At Victoria Station, a crowd of about 30 was there to see him off, despite the fact that his departure was being kept strictly private. His lovers bid him a tearful farewell as the train left. "He is the One who never leaves!" Age declared. "Yet the birds felt as though their heart was being taken away to some distant place. Everything in life seemed empty and void, without Baba among them."
One of the group later wrote to Baba: "I am sorry I could not stay until the train left but I suddenly felt as if I should burst, and I had to run away. The room where we had all been together with you in London looked like a tomb. I peeped in but quickly ran away. It was too sad — for your light was missing. I am waiting for that moment when I may be allowed to be near you again."

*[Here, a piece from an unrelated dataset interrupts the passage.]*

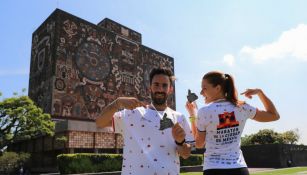 Presentación del evento en Ciudad Universitaria, lugar de inicio del maratón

Anita, Norina, Minta, Herbert and Quentin were accompanying Baba and the mandali, along with Tom Sharpley, who went as far as Dover to see them off at the ferry. Although Kitty had made all the arrangements, she remained in London to look after her father and continue her work of teaching piano.
It was a foggy and cold crossing of the English Channel, yet the sea was not rough. They arrived in Calais and traveled on the Continental Express train to Paris, where they arrived at six that evening.
Anita left the group in Paris, since it had been previously decided by Baba that she be sent to Zurich to study art at Otto Haas-Heye's design school.